Обстановка в кабинете профессора полностью отражала интересы хозяина. В одном углу комнаты располагалась огромная катушка Румкорфа. На полках, на столе, на креслах и даже на полу – повсюду лежали книги. Гипсовый бюст Аристотеля смотрел через всю комнату на гипсовый бюст Лейбница. На стенах висели портреты Галля, Паппенгейма и Левенгука. Кроме того здесь в изобилии присутствовали различные срезы и препараты. На столе перед Страутом, почти касаясь его локтя, плавал в стеклянном сосуде с желтым этанолом мозг философа-позитивиста. Рядом с ним, тоже погруженный в спирт, покачивался продолговатый мозг прославленного преступника.

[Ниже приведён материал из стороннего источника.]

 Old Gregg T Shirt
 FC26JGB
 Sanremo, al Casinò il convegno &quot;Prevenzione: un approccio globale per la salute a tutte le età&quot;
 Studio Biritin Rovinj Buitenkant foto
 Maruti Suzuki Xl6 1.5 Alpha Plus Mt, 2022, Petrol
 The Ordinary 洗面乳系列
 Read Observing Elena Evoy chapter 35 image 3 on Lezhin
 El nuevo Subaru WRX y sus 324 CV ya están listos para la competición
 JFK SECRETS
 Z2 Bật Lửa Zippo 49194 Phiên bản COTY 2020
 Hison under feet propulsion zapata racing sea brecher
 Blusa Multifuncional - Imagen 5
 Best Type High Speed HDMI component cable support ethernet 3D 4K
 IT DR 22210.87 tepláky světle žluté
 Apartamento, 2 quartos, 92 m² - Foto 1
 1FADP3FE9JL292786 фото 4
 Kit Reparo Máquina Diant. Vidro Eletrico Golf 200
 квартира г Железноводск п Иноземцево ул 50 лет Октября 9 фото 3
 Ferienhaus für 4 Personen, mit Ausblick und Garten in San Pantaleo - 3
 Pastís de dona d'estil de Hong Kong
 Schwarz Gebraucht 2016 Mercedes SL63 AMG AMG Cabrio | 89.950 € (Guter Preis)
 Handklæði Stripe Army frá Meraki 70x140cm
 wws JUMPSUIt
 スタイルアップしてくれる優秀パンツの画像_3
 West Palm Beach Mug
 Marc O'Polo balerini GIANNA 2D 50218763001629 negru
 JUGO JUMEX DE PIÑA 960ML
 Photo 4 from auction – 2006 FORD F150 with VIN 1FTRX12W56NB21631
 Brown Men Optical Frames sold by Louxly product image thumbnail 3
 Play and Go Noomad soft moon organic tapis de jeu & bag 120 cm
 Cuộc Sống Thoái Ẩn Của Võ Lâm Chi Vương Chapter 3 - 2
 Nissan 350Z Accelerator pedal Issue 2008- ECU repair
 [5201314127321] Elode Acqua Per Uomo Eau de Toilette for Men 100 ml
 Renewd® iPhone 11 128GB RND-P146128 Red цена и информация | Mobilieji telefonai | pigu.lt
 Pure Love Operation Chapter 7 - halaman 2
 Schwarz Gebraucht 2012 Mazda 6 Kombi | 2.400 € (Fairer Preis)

Внешность профессора, который сидел в кресле напротив Страута, сжимая в зубах янтарный мундштук своей фарфоровой трубки и невозмутимо пуская густые клубы дыма, вызывал симпатию и побуждал к полной откровенности в разговоре. Не только его розовощекое лицо, окаймленное рыжеватой бородкой, но и вся массивная фигура излучали доброжелательность. Он выглядел надежным приютом для разбитого сердца. Под воздействием его доброй, сочувственной улыбки и деликатных расспросов Страут, сам того не желая, излил перед ним всю свою душу. Профессор, молча покуривая, терпеливо выслушал его долгий рассказ. Если бы Страут не был так поглощен своими горестными воспоминаниями, он бы, несомненно, сумел разглядеть, что за поблескивающими дружелюбием стеклами профессорских очков в золотой оправе скрывается пара холодных серо-стальных глазок, исследующих его с острым, безжалостным интересом естествоиспытателя.

– Сами видите, герр профессор, – заключил свой рассказ Страут, – что перед вами совершенно безнадежный случай.

– Мой дорогой друг, – возразил профессор, – ничего подобного я не вижу.

– Но ведь здесь речь идет об убеждениях, – пояснил Страут. – Человек не может отречься от истины даже для того, чтобы покорить женщину. Если бы я это сделал, она первая отнеслась бы ко мне с презрением.

– В этом мире все истинно и ничто не истинно, – сентенциозно заметил профессор. – Вам просто надо сменить свои убеждения.

– Но это невозможно!

Профессор выпустил огромный клуб дыма и окинул молодого человека взглядом, полным жалости и удивления. Страуту показалось, что Аристотель и Лейбниц, Левенгук, Паппенгейм и Галль – все дружно глядят на него с жалостью и удивлением.

– Вы сказали – невозможно? – уточнил профессор Шванк. – Напротив, мой дорогой мальчик, нет ничего проще, чем сменить свои убеждения. В наши дни, когда хирургия достигла высокого уровня, никаких трудностей это не представляет.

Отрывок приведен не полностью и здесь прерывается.